According to the Frankfurter Allgemeine Zeitung, Serbian state statistics debunk a Belgrade myth about the massive exodus of Serbs from Kosovo. The figures correspond to the decline in Serbia, concludes the article.
Serbia’s claim of a Serb exodus from Kosovo “can be dismissed as false, based on the official statistics of the Serbian state”, writes Michael Martens, correspondent for the Frankfurter Allgemeine Zeitung in Belgrade in an earlier edition this week of the German newspaper.
Martens says that “the number of Serbs in Kosovo has been continuously declining for years, but the same can be said for the population number in Serbia, except for Belgrade, Novi Sad, and some other cities”. He bases this claim on calculations by the European Stability Initiative (ESI). It has examined “publicly available government figures that allow for quite accurate conclusions about the number of Serbs”.

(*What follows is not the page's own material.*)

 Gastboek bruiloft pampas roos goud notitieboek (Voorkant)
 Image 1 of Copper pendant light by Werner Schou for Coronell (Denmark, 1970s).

ESI analyzes, for example, Serbia’s health insurance figures. According to them, “in 2017, there were still 109,000 insured Serbs in Kosovo”, but “six years later, there were fewer than 107,000”. This shows that the decline for Kosovo is 2.4%, but for Serbia itself, “the decline in the same period was 2.9%”.
Serbia’s Statistical Office, cited by Frankfurter Allgemeine Zeitung, reports a drastic decline in the number of pupils (Serbs) attending elementary schools in Kosovo: from 14,500 in 2004 to 10,700 in 2021. But in Serbia, the decline is the same: here, according to official state data, the figures fell by 23%.
Regarding pensions, in the last 11 years, Serbia has paid 6.3% fewer pensions in Kosovo, while in Serbia, it has paid 2.6% less. But ESI and Frankfurter Allgemeine Zeitung remind that “the most important employer for Serbs in Kosovo is the state. The fact that Serbs leave Kosovo upon reaching retirement age is not new. For decades, there has been an ‘exodus of pensioners’ from Kosovo”.
“The demographic evolution of the Serb minority in Kosovo corresponds to general trends throughout Southeast Europe for years on end. As a result of low birth rates, high emigration, and a lack of attraction for immigration, the population number is declining in all countries of the region,” concludes Frankfurter Allgemeine Zeitung.